Doesn't look like this thread has been active in awhile, but I'll put in my two cents concerning the general use of structs:

First, they are simply a way of holding realated data to carry out a category of tasks, with the type and name of the sturcture describing the purpose; COLOR, POSITION, etc.

Their are a number of benefits connected to the use of structs. They help organize your data and make your code more readable. Furthermore, they help with function argument passing in that, as opposed to passing a bunch of separate variables to a function, you can pass the a single struct* that contains all the needed items. The Windows API makes heavy use of this, where an API call requires the passing of a specific struct that may it might initialze. Then, other API calls would require the same struct to carry out further processing. Instead of having to examine a large number of separate variables, a structure that contains all the data needed for processing, can have its elements updated and can be examined or used for later processing.

So an advantage of using structs with functions is, you don't to worry about remembering the number of parameters to pass to a function, but only know the type of struct it requires.

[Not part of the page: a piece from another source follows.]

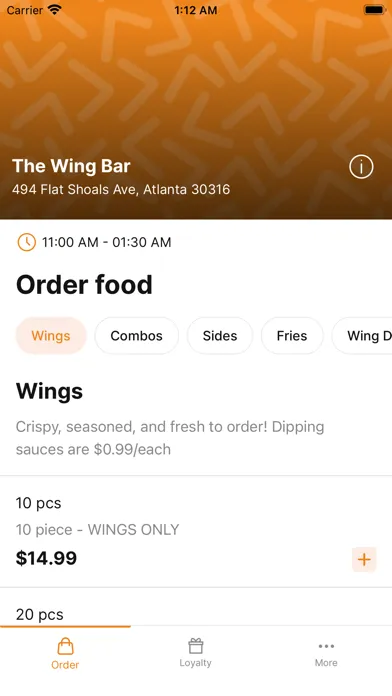 The Wing Bar ATL 스크린샷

One could argue that this is alos more efficient, in that you are only pass a single struct*, as opposed to a handful of variables being placed on the call stack when the function is called.

Additionally, functions can only return one value, or left to manipulate global variables. By working with data in a struct, the function can return a single struct, or work with a global struct, to alter mulitple pieces of data, which minimizes the number of global variables and the possibility of name clashes; point.x and position.x will not overwrite one anothers values unexpectedly, thought both structs have an "x" element.

Not the best place to expound on the topic, but the post was here, so I have. : )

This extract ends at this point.